■ YOUR OBJECTIVE
Copy each line below word for word and drop every image.
Top of SUPPLIED INFORMATION
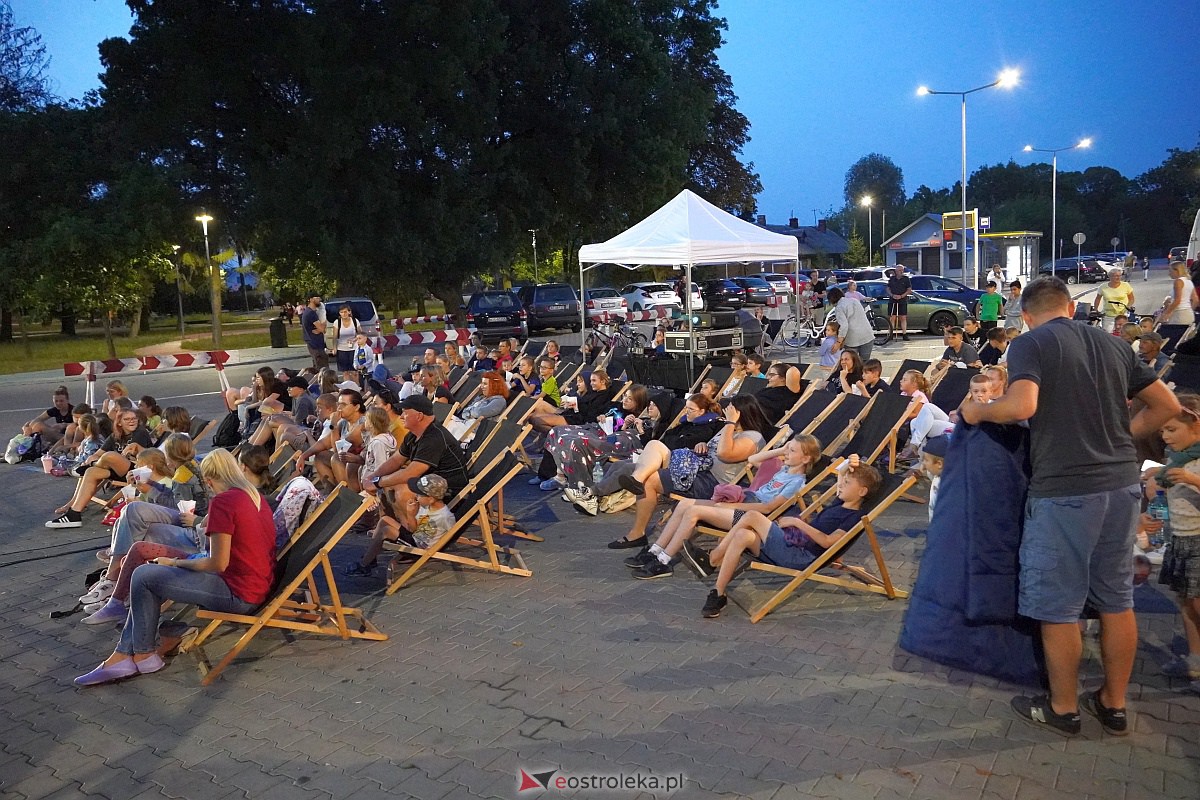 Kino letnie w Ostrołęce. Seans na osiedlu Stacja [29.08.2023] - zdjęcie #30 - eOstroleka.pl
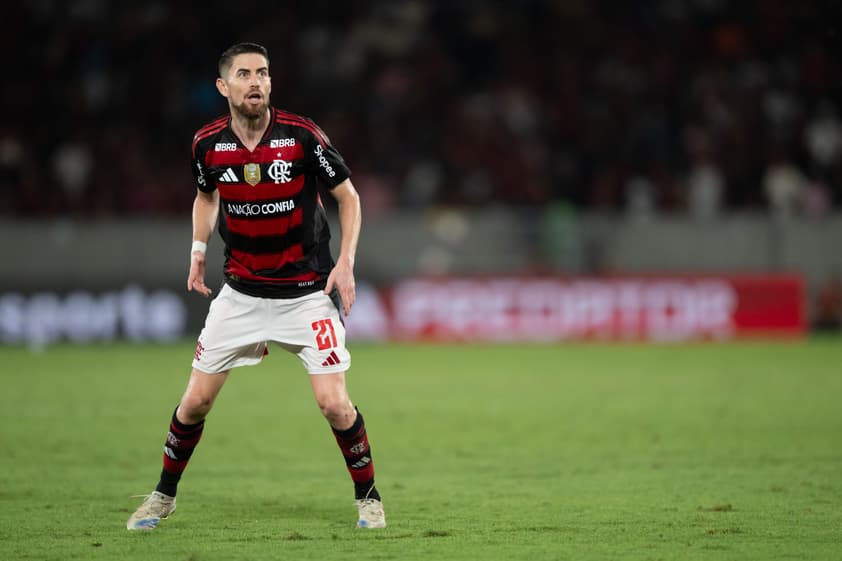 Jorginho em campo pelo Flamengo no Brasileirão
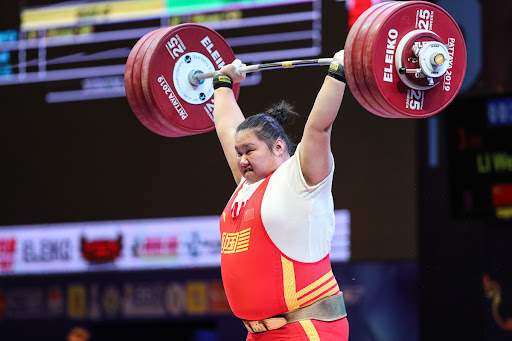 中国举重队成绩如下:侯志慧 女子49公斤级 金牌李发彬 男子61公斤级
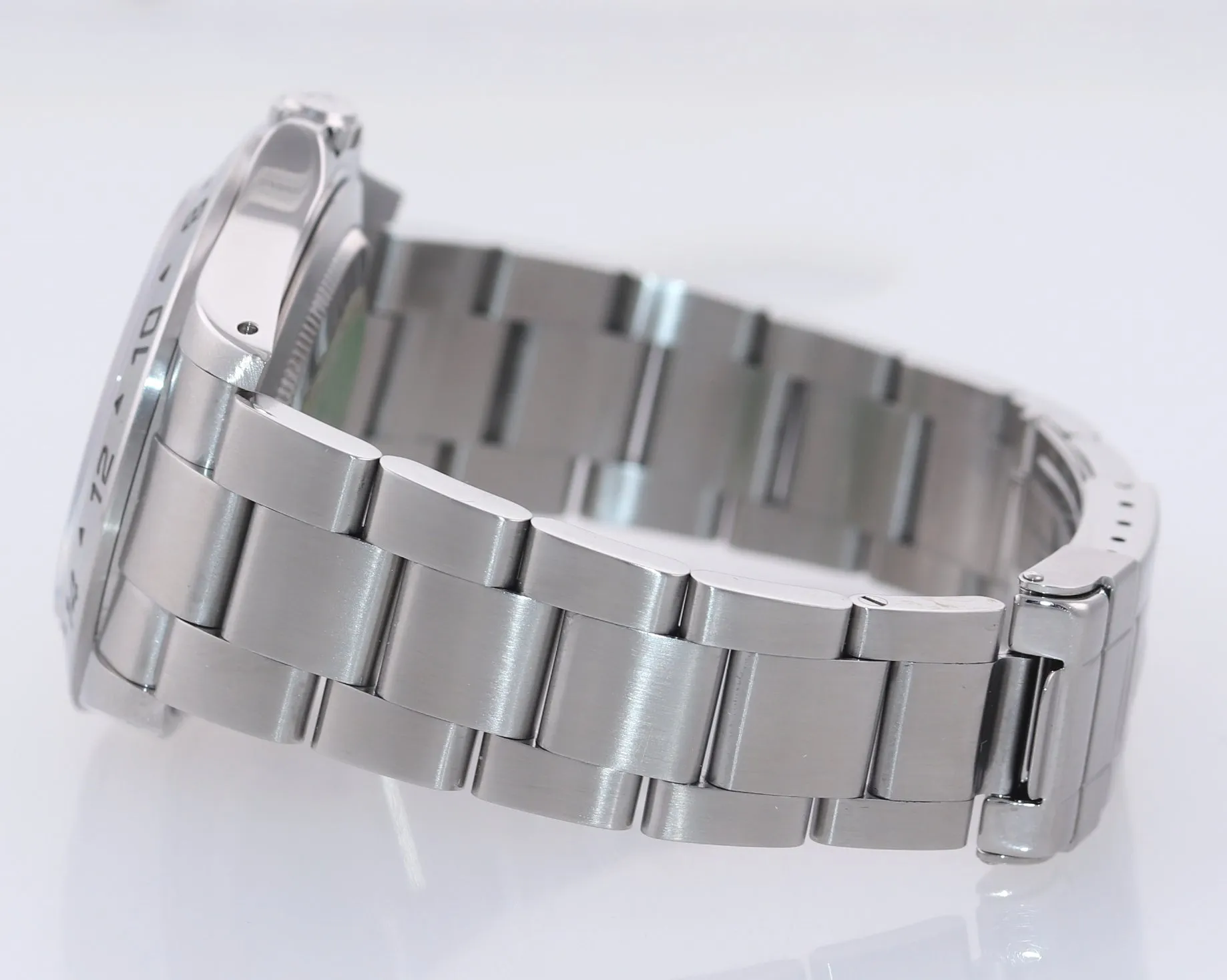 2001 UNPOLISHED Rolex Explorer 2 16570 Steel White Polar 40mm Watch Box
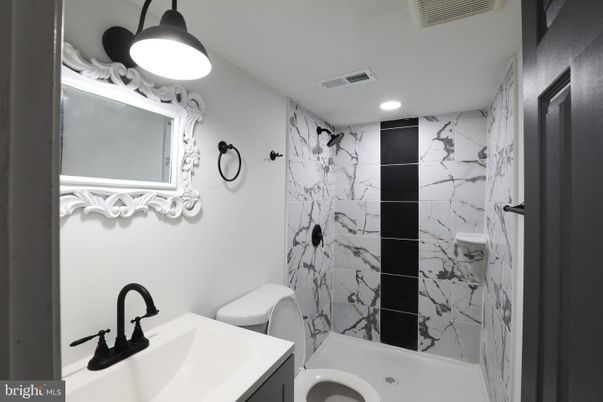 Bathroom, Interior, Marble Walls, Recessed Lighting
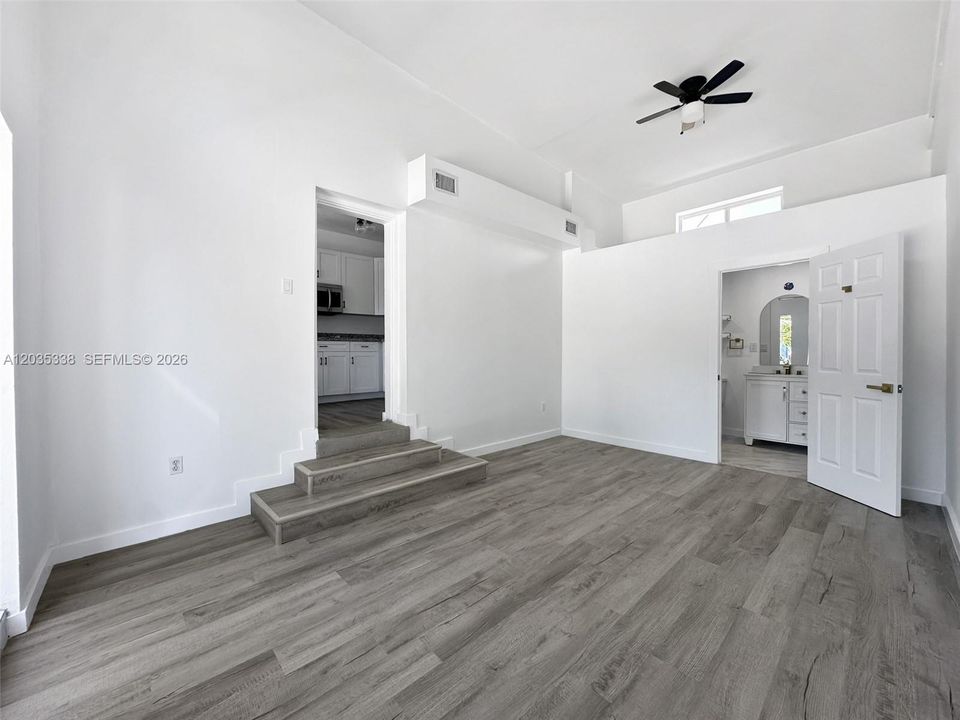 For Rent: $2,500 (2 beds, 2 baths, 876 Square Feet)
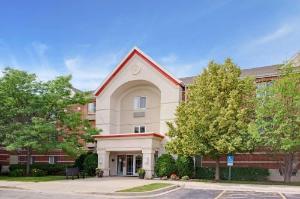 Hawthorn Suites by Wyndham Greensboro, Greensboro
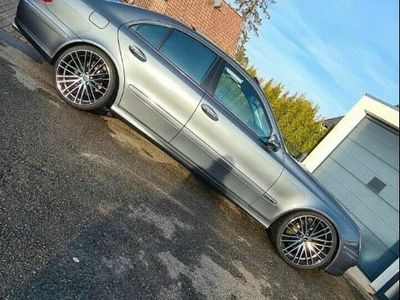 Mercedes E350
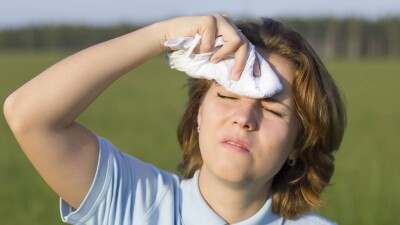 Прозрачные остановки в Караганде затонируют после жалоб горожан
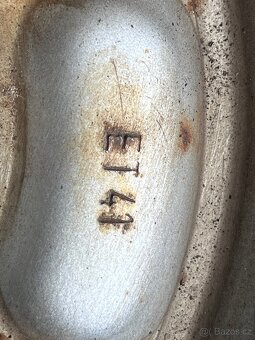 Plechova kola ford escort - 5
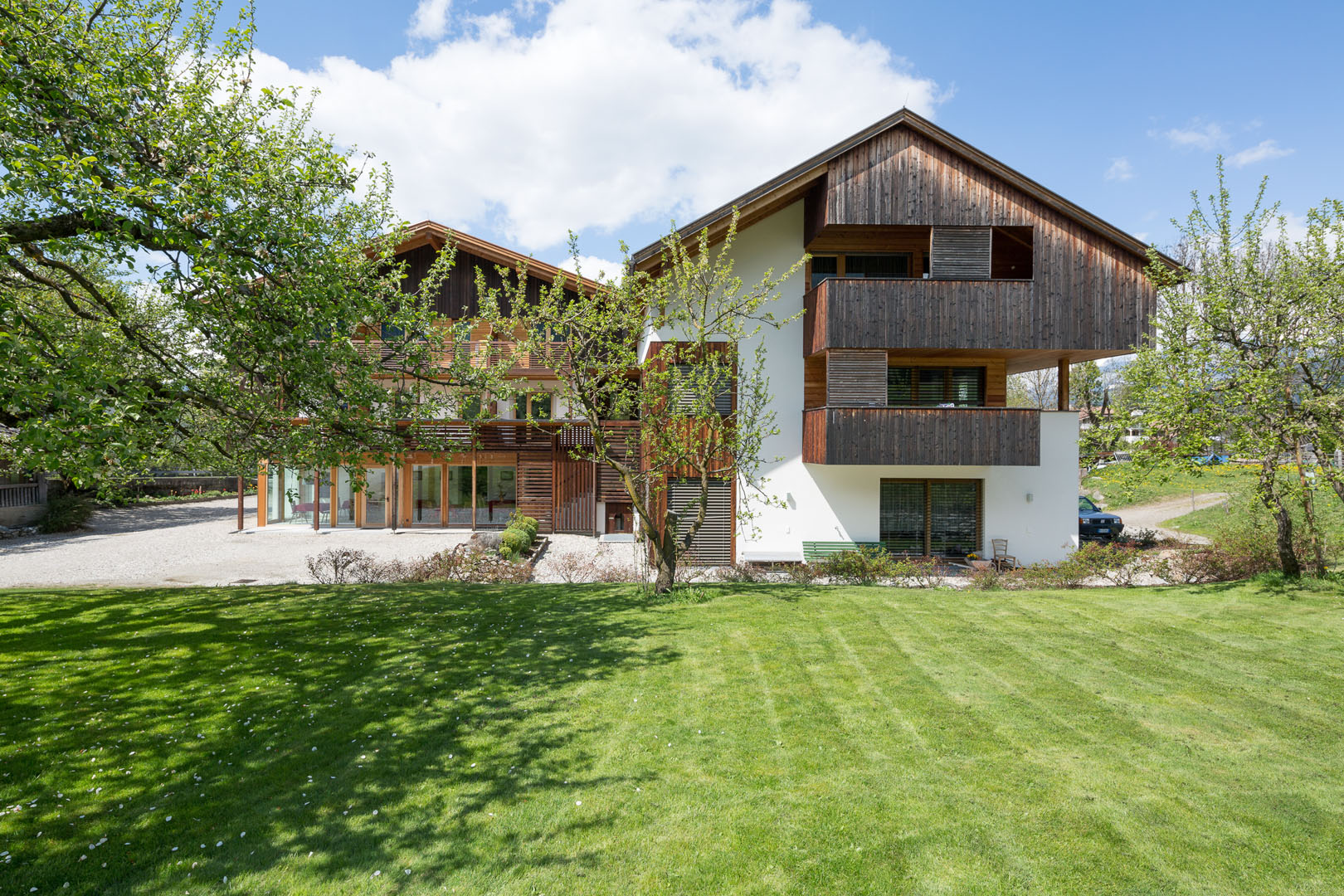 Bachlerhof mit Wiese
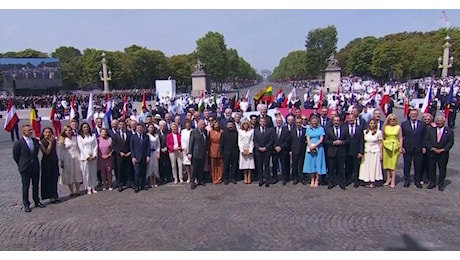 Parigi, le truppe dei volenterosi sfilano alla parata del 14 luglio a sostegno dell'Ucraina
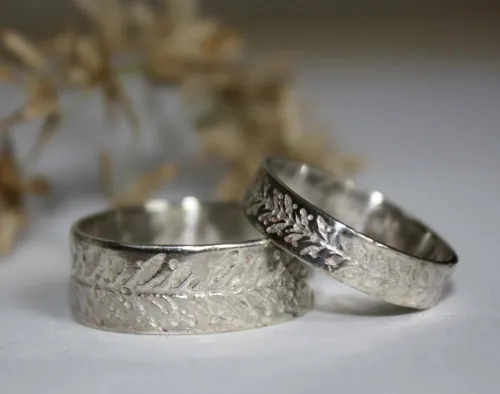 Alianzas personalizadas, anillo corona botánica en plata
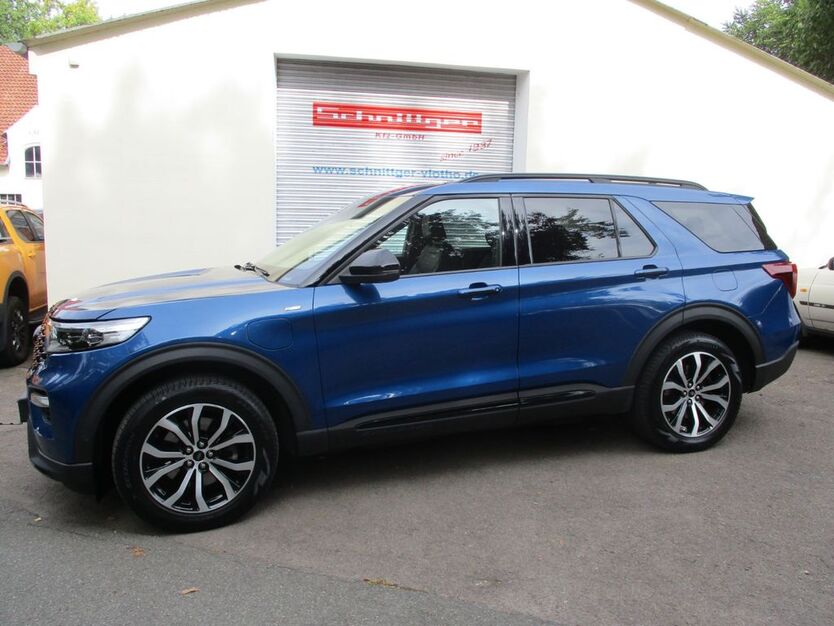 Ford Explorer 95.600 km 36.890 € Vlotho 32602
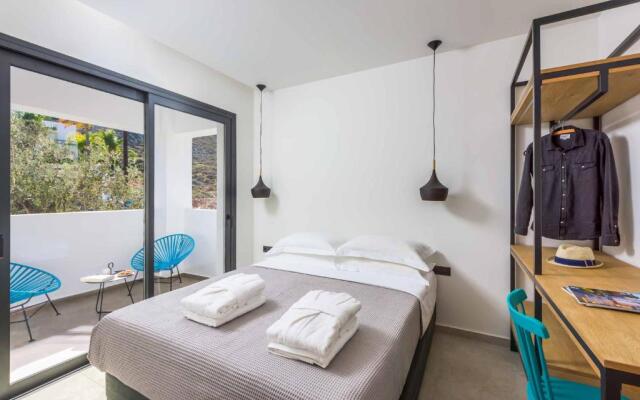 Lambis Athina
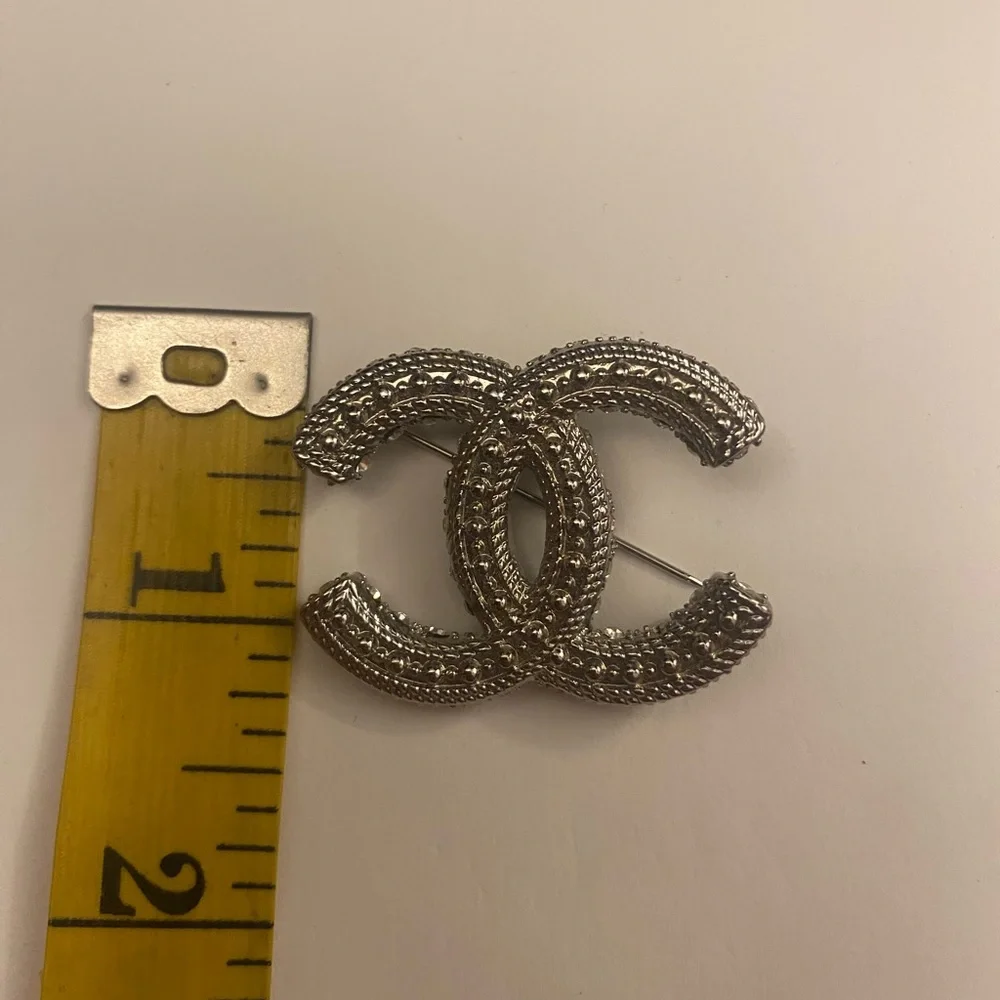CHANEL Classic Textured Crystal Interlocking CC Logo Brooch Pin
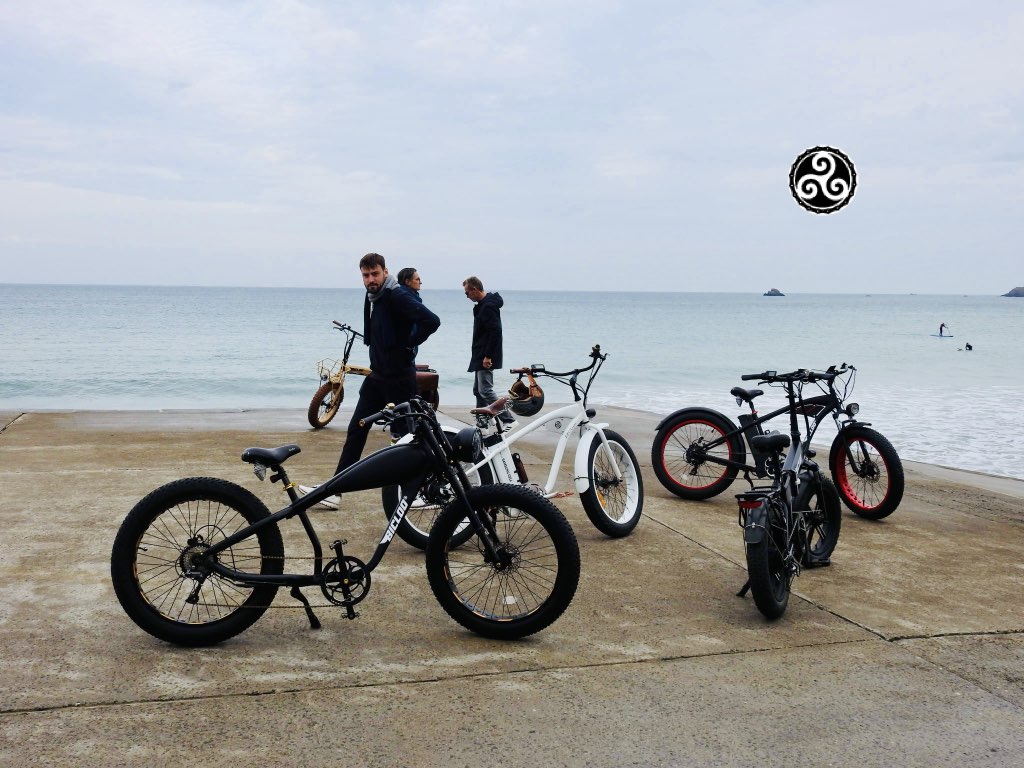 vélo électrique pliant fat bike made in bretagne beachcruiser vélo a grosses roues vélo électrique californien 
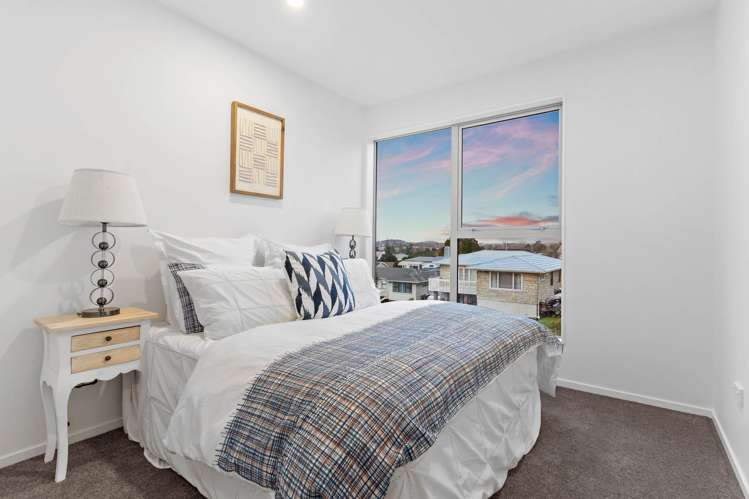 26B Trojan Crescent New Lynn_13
Bottom of SUPPLIED INFORMATION
■ RESPONSE TO THIS TASK
 Kino letnie w Ostrołęce. Seans na osiedlu Stacja [29.08.2023] - zdjęcie #30 - eOstroleka.pl
 Jorginho em campo pelo Flamengo no Brasileirão
 中国举重队成绩如下:侯志慧 女子49公斤级 金牌李发彬 男子61公斤级
 2001 UNPOLISHED Rolex Explorer 2 16570 Steel White Polar 40mm Watch Box
 Bathroom, Interior, Marble Walls, Recessed Lighting
 For Rent: $2,500 (2 beds, 2 baths, 876 Square Feet)
 Hawthorn Suites by Wyndham Greensboro, Greensboro
 Mercedes E350
 Прозрачные остановки в Караганде затонируют после жалоб горожан
 Plechova kola ford escort - 5
 Bachlerhof mit Wiese
 Parigi, le truppe dei volenterosi sfilano alla parata del 14 luglio a sostegno dell'Ucraina
 Alianzas personalizadas, anillo corona botánica en plata
 Ford Explorer 95.600 km 36.890 € Vlotho 32602
 Lambis Athina
CHANEL Classic Textured Crystal Interlocking CC Logo Brooch Pin
 vélo électrique pliant fat bike made in bretagne beachcruiser vélo a grosses roues vélo électrique californien 
 26B Trojan Crescent New Lynn_13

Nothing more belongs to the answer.